Publié le 17 mai 2013 par Labreche @labrecheblog

Taxer-les-smartphones-pour-sauver-la-culture_article_landscape_pm_v8[1].jpgLa mission Lescure avait été créée en août 2012 par Aurélie Filipetti, et consistait en une « mission de concertation sur les contenus numériques et la politique culturelle à l’ère du numérique ». L’objectif de ce que la ministre appelle « Acte II de l’exception culturelle » est ainsi d’étudier l’adaptation des dispositifs mis en place, particulièrement sous le président Mitterrand, dans une logique « d’exception culturelle » et destinés à « favoriser la création, la production, la distribution et la diffusion des œuvres littéraires, cinématographiques et audiovisuelles », et à « conserver une offre culturelle de qualité, variée et accessible ».

Suite à la remise du rapport au Président de la République le 13 mai, il est difficile de se dire optimiste pour la politique culturelle française.
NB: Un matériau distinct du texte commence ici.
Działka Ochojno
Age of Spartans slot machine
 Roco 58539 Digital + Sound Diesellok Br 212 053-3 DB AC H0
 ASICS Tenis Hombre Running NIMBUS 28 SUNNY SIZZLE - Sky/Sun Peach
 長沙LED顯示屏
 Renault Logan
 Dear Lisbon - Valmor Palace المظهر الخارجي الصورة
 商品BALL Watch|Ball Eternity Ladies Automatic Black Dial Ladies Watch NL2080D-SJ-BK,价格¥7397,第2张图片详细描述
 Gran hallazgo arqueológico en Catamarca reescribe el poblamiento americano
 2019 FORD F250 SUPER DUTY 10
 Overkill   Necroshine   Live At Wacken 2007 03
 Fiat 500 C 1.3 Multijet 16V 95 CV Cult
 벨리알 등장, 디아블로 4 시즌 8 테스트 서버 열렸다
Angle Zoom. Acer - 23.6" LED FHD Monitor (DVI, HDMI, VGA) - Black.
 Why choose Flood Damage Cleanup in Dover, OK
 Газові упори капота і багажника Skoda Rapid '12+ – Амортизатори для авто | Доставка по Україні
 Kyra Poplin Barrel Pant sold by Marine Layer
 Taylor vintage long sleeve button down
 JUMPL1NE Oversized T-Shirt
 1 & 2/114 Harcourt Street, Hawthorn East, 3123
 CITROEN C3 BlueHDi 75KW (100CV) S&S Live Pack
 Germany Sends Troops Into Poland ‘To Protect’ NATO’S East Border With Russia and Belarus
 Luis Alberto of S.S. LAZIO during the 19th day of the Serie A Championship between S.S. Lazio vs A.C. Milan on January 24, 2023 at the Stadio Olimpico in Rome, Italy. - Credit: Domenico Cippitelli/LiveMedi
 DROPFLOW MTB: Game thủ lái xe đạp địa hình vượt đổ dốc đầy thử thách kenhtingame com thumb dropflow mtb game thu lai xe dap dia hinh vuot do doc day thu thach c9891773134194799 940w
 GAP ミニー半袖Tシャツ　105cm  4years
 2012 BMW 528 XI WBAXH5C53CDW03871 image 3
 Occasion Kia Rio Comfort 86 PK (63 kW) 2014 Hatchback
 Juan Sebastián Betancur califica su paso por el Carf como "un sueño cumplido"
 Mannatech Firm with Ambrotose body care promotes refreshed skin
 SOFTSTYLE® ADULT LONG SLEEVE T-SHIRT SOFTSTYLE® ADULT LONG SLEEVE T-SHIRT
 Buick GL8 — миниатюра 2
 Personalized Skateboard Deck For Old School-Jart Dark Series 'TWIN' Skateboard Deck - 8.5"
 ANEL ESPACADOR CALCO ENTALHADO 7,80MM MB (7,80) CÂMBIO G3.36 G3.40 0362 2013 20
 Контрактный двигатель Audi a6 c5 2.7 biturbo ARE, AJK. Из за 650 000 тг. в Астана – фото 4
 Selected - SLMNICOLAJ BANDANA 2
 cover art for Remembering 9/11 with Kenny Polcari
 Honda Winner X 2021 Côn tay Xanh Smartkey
Le rapport est consultable sur le site du ministère.

Aurélie Filippetti, ministre de l’industrie culturelle

La mission elle-même ne laissait guère d’espoirs. La décision d’axer cette concertation quant à  « l’Acte II de l’exception culturelle » sur « l’ère numérique » ne montre qu’une chose, c’est l’obsession d’Aurélie Filippetti pour les gadgets, les smartphones, les tablettes, les liseuses, comme si le changement technique pouvait à lui seule soulager le ministère de la tâche désormais accessoire de permettre l’accès de tous au patrimoine le plus universel. Rien de très surprenant à vrai dire : La Brèche avait déjà souligné il y a près de deux ans la vacuité des propositions socialistes sur la culture. Le pilotage de la mission Lescure par un comité regroupant six ministres (de la culture, de l’économie et des finances, du redressement productif, des PME et de l’innovation, des affaires étrangères, et du commerce extérieur) renforce le sentiment que la culture n’était plus, pour le gouvernement, qu’un secteur économique comme un autre.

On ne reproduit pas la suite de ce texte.